Compressive strength is the most important metric of concrete quality. Various nondestructive and semi-destructive tests can be used to evaluate the compressive strength of concrete. In the present study, a new image-based machine learning method is used to predict concrete compressive strength, including evaluation of six different models. These include support-vector machine model and various deep convolutional neural network models, namely AlexNet, GoogleNet, VGG19, ResNet, and Inception-ResNet-V2. In the present investigation, cement mortar samples were prepared using each of the cement:sand ratios of 1:3, 1:4, and 1:5, and using the water:cement ratios of 0.35 and 0.55. Cement concrete was prepared using the cement:sand:coarse aggregate ratios of 1:5:10, 1:3:6, 1:2:4, 1:1.5:3 and 1:1:2, using the water:cement ratio of 0.5 for all samples.
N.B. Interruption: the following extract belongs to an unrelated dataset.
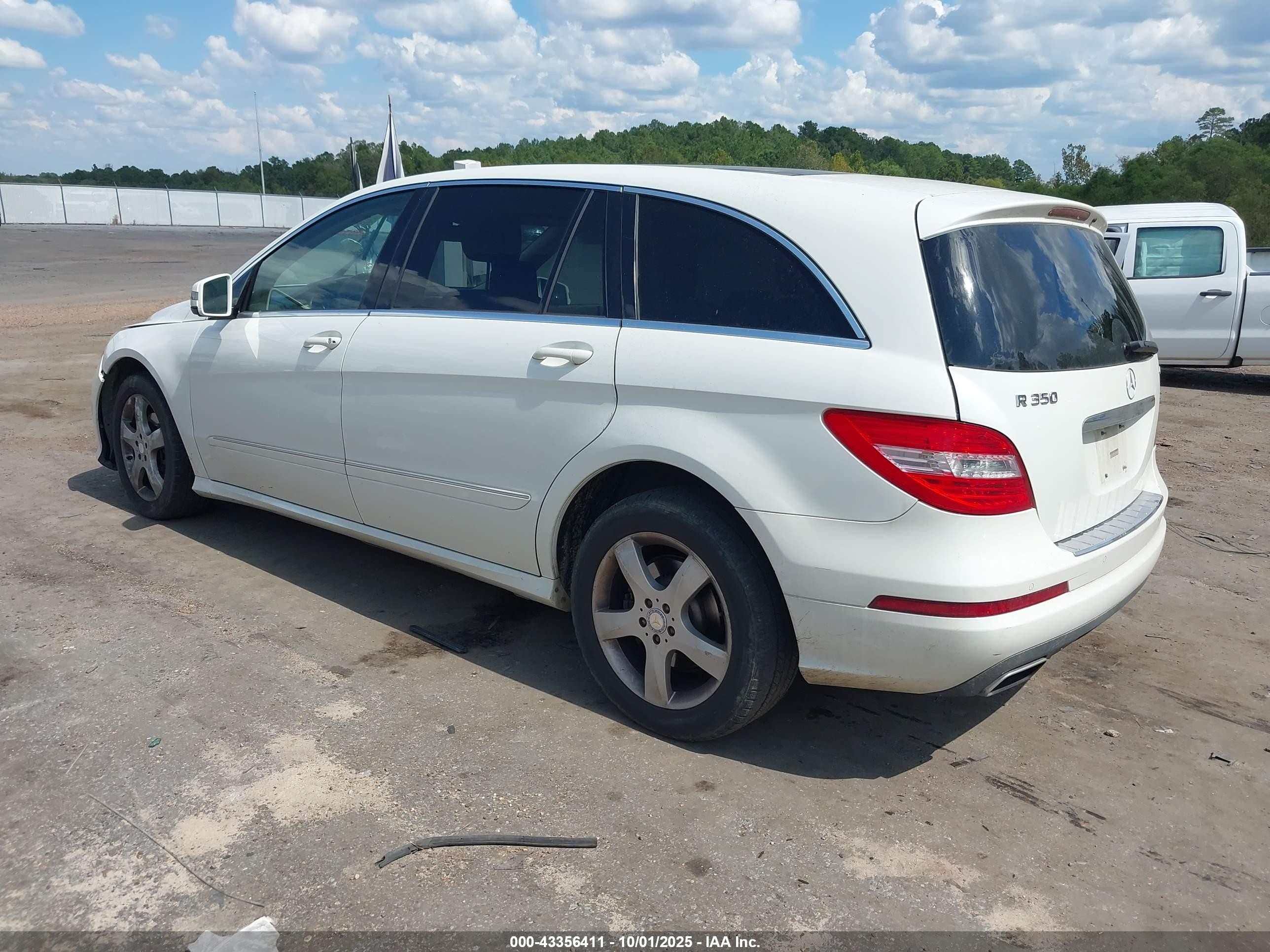 2011 Mercedes-benz R 350 4matic White vin: 4JGCB6FE8BA126614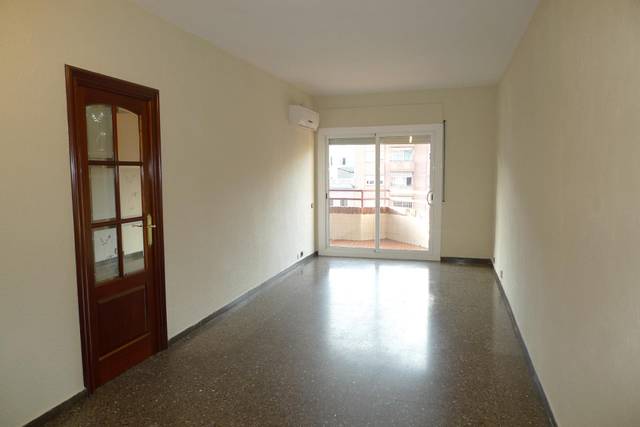 Piso en Alquiler en Gran Vía Gran Via de les Corts Catalanes en La Font de la Guatlla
The samples were cut, and several images of the cut surfaces were captured at various zoom levels using a digital microscope. All samples were then tested destructively for compressive strength. The images and corresponding compressive strength were then used to train machine learning models to allow them to predict compressive strength based upon the image data. The Inception-ResNet-V2 models exhibited the best predictions of compressive strength among the models tested. Overall, the present findings validated the use of machine learning models as an efficient means of estimating cement mortar and concrete compressive strengths based on digital microscopic images, as an alternative nondestructive/semi-destructive test method that could be applied at relatively less expense.